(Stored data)
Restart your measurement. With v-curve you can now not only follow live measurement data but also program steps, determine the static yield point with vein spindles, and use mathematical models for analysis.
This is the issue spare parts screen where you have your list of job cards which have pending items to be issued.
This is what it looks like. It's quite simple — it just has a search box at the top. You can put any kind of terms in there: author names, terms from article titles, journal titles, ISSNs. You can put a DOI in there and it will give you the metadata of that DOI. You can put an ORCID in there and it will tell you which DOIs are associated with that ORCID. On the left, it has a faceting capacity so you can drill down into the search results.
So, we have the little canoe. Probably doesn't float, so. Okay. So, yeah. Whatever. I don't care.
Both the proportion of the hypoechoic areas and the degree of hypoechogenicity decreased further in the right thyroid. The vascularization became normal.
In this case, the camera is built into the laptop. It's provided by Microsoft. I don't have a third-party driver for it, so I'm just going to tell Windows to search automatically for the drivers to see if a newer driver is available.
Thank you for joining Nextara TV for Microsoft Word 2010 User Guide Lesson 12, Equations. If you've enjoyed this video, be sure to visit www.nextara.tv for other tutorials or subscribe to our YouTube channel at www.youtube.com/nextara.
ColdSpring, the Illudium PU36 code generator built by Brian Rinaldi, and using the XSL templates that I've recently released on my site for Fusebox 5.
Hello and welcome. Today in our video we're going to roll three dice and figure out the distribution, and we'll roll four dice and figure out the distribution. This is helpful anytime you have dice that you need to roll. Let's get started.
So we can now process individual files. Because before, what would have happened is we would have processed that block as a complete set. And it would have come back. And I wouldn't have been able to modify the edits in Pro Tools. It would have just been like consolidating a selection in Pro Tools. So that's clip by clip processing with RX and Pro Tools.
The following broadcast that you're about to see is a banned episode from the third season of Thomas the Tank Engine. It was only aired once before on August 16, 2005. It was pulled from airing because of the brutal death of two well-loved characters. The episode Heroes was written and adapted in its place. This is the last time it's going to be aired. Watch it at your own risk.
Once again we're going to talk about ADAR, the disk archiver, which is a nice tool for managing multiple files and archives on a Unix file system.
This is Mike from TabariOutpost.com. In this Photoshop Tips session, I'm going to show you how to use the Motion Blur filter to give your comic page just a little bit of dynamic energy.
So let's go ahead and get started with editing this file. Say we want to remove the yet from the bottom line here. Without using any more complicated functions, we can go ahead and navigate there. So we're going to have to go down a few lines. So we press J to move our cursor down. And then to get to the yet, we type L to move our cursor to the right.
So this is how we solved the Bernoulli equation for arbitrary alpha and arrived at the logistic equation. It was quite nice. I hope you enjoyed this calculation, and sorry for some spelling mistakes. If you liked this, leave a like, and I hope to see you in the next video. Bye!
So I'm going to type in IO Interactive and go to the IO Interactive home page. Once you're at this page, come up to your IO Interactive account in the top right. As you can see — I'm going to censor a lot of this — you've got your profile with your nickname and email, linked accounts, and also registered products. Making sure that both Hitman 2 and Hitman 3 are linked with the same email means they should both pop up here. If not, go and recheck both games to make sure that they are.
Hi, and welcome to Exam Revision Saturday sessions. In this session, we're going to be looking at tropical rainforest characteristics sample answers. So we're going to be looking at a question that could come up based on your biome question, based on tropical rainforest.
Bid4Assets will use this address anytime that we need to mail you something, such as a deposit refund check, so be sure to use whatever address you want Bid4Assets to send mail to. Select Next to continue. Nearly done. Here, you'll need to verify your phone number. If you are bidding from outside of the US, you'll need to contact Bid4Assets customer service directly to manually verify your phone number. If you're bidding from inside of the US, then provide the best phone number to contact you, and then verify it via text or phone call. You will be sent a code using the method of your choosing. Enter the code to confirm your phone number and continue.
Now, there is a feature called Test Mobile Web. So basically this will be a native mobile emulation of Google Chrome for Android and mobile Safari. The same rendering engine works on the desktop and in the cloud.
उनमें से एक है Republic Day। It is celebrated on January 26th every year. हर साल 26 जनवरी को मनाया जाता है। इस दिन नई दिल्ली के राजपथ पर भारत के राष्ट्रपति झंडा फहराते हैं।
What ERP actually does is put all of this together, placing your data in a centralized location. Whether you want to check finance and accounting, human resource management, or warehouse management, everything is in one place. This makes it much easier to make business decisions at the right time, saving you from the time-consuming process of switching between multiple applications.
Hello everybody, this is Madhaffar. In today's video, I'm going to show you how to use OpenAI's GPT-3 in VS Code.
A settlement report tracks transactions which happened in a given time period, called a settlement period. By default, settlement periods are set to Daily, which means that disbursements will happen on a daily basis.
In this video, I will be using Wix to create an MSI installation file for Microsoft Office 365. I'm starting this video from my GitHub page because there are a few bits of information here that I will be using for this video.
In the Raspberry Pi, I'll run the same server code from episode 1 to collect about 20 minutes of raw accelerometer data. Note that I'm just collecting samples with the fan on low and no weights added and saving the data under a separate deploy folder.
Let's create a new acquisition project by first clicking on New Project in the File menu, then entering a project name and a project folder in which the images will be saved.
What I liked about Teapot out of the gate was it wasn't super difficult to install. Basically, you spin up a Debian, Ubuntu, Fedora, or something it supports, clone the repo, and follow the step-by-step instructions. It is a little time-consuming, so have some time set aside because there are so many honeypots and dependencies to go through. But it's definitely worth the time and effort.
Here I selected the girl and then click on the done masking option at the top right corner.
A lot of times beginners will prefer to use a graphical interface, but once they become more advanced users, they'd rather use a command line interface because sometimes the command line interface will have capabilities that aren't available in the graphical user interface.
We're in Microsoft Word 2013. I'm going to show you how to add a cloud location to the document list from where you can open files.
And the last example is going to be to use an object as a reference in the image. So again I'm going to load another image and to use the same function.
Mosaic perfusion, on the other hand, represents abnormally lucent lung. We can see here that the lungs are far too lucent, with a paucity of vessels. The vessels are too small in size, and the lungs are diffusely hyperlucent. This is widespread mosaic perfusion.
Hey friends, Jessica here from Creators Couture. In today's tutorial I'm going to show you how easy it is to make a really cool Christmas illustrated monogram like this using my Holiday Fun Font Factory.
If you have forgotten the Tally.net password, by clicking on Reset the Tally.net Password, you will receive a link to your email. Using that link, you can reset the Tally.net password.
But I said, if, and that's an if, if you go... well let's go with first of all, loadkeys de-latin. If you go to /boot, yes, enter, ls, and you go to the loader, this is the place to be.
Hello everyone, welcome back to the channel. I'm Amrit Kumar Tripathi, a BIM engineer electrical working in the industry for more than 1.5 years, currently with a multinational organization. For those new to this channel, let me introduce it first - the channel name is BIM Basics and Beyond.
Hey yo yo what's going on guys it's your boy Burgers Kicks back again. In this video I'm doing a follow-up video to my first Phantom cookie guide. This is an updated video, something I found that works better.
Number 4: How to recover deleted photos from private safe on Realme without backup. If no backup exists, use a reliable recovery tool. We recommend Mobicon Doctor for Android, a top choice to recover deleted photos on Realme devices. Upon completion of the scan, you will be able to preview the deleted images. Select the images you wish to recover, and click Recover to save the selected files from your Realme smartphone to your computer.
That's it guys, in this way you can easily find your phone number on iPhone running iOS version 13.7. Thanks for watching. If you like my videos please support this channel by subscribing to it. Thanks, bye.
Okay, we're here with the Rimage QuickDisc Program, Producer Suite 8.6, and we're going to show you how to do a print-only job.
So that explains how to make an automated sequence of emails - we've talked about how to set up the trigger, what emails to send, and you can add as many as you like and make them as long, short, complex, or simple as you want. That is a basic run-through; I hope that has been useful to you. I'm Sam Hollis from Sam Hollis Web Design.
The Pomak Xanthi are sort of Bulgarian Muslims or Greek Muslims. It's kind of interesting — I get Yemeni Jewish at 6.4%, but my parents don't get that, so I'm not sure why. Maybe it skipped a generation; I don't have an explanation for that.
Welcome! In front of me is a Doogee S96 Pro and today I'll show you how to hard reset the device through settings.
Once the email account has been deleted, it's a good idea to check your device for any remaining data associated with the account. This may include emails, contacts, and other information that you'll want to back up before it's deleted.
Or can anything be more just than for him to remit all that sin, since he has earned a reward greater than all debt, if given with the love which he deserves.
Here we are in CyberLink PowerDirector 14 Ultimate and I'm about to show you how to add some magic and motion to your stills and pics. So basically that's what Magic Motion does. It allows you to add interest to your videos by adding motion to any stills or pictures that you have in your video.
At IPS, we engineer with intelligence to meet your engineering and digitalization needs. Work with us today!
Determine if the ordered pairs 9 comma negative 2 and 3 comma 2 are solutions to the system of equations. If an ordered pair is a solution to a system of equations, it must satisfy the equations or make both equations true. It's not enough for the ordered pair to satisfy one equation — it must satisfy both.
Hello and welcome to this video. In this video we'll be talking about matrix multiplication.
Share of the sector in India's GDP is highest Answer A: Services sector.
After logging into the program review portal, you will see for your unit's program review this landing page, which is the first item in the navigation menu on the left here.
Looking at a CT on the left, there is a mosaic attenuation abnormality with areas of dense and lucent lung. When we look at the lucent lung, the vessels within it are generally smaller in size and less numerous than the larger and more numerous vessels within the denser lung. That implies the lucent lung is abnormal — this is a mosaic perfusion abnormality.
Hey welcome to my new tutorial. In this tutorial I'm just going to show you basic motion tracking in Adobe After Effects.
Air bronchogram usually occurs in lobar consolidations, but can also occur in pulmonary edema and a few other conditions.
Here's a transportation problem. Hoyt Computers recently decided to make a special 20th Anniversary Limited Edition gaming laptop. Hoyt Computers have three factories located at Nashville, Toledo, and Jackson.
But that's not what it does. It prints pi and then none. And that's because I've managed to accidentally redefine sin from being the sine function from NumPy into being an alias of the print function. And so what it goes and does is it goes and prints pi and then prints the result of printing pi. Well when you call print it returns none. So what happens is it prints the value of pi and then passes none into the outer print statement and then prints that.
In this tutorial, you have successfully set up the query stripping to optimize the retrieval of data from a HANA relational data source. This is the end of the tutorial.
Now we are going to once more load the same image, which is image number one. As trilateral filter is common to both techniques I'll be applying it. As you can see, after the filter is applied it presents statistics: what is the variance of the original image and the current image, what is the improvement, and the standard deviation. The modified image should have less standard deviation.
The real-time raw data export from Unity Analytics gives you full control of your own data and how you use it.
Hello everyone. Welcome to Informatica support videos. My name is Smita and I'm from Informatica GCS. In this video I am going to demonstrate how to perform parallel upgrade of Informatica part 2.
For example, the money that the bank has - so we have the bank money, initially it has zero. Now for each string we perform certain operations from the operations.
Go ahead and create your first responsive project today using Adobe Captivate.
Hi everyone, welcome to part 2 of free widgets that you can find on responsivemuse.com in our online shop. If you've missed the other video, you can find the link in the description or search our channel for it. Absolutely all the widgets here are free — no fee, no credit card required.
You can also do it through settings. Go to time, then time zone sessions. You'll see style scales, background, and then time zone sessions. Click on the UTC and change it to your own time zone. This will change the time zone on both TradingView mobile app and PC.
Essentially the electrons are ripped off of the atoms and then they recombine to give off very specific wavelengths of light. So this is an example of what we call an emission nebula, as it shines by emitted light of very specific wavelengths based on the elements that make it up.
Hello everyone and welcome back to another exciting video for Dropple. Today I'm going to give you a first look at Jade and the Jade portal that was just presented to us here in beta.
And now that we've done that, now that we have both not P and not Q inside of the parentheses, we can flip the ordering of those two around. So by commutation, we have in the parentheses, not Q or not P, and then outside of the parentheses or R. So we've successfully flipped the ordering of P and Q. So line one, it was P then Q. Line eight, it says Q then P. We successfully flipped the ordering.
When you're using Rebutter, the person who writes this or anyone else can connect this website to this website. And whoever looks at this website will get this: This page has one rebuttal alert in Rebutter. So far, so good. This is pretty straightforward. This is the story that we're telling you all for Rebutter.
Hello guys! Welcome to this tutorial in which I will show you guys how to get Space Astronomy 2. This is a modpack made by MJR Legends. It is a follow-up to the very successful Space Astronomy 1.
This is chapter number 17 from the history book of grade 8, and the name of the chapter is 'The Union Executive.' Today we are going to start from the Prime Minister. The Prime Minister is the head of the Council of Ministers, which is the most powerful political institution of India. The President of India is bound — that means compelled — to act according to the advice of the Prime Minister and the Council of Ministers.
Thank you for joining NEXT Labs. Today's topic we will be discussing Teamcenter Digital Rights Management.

WORK ITEM: The line above containing "After logging into", the line containing "Air bronchogram usually", and every line between them are to be transcribed exactly; no other line is wanted.

ANSWER BELOW:
After logging into the program review portal, you will see for your unit's program review this landing page, which is the first item in the navigation menu on the left here.
Looking at a CT on the left, there is a mosaic attenuation abnormality with areas of dense and lucent lung. When we look at the lucent lung, the vessels within it are generally smaller in size and less numerous than the larger and more numerous vessels within the denser lung. That implies the lucent lung is abnormal — this is a mosaic perfusion abnormality.
Hey welcome to my new tutorial. In this tutorial I'm just going to show you basic motion tracking in Adobe After Effects.
Air bronchogram usually occurs in lobar consolidations, but can also occur in pulmonary edema and a few other conditions.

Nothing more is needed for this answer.